V2426. LEO SLEZAK: Songs by Henschel, Hildach, Grieg, Schumann, Schubert, Liszt & Strauss; Arias from Otello, Zauberflöte, Le Prophète, Les Huguenots, Rigoletto, Il Trovatore, Aïda, I Pagliacci, Cavalleria, La Dame Blanche, Guillaume Tell, Faust, Manon, Louise, Alessandro Stradella, Tosca, La Boheme, La Juive, Die Königin von Saba, Fedora, Lohengrin, Siegfried, Der Fliegende Holländer, Tannhäuser & Die Meistersinger. (England) 2-Pearl 9299, recorded 1902-23, many titles never before on CD. Transfers by Roger Beardsley. Very long out-of-print, Final Copy! - 727031929925
“Slezak recorded extensively from 1901...into the electric period. His recordings provide abundant testimony as to the size and fine quality of his voice....He is at his best in music that requires style and technique as much as voice.”

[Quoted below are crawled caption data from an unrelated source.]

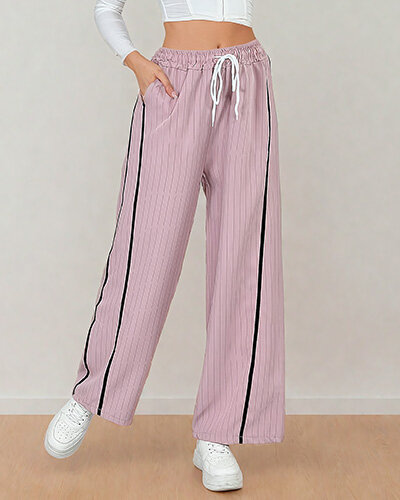 Royalfashion Женские брюки из ткани в полоску с полосками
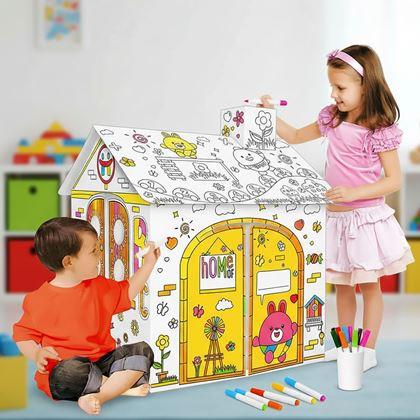 Kép valamiből Kiszínezhető gyermek házikó filctollakkal, 60,5 x 48 x 70 cm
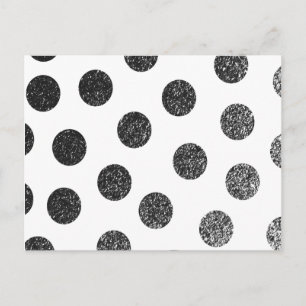 Carte Postale Motif pois de la fausse parties scintillant noire 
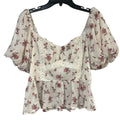 New Francescas Womens XS Cream Pink Floral Boho Blouson Cottage Smocked Top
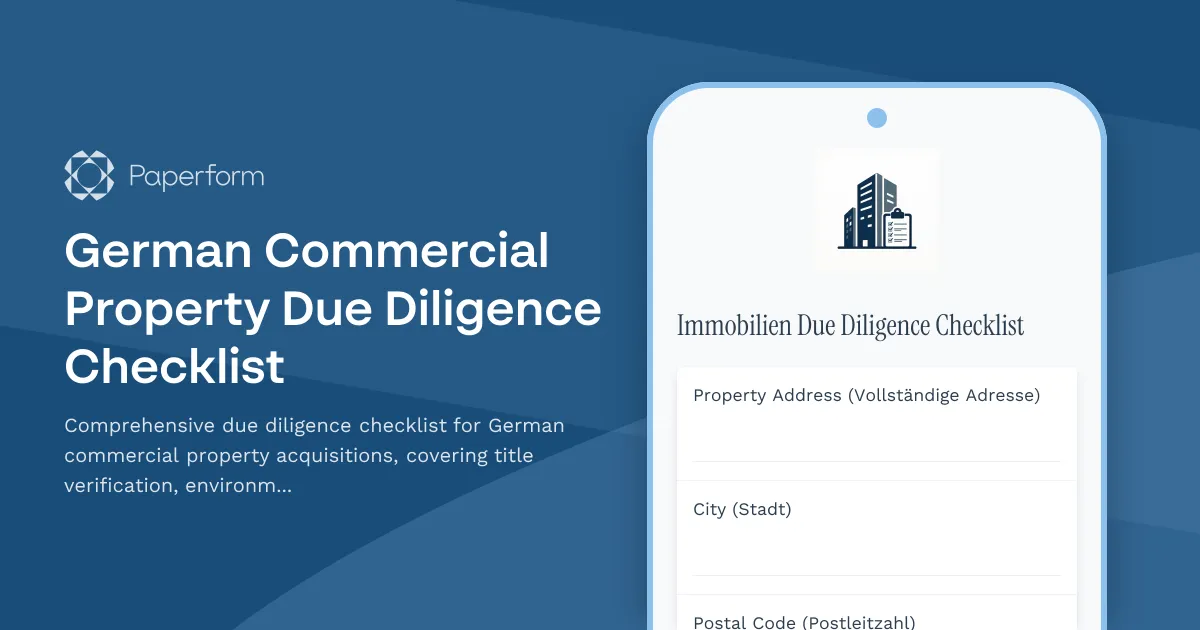German Commercial Property Due Diligence Checklist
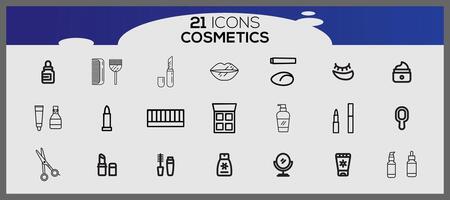 Cosmético linha ícone conjunto com Maquiagem beleza linha ícones beleza acessórios conjunto Maquiagem acessórios. vetor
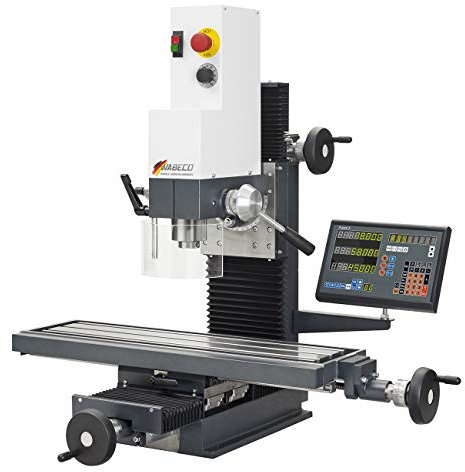 WABECO Fräsmaschine F1410 LF MK2 mit Digitaler Positionsanzeige 1,4 kW Arbeitstisch 700x180 mm Made in Germany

- Michael Scott, THE RECORD OF SINGING
“For the 30 years that opened the twentieth century, Leo Slezak was one of the outstanding dramatic tenors, and is best known today for his Wagnerian roles, but he was also capable of the shading and subtleties required for French opera, and was greatly admired in such roles as Gerald in Delibes' LAKMÉ and des Grieux in Massenet's MANON.
Having studied with Adolf Robinson, his operatic début was as Lohengrin in Brno, in 1896. Two years later, he made his Berlin début in the same role, and in 1900, performed it again at Covent Garden, when the Breslau company, which he joined the year before, toured abroad. In 1901, his rise to fame began when he came to the attention of Gustav Mahler, who invited him to join the Vienna State Opera. He made his début was as Arnold in GUILLAME TELL, beginning a 32-year association with that house. In 1907, however, when Mahler left, Slezak also left to pursue an international career. In Paris, he studied the French operatic repertoire with Jean de Reszké and song with Reynaldo Hahn. Moving on to the United States, his Met début was as Otello in 1909. Though he returned to the Vienna State Opera in 1913, he continued to make international appearances until his farewell performance as Canio in 1933.
While he was not considered one of the great operatic actors, after his retirement he appeared in cameo roles in various films. Walter wrote WHAT TIME'S THE NEXT SWAN?, an affectionate and humorous combination of autobiography and biography of his parents' lives, and Slezak himself wrote several volumes of memoirs.”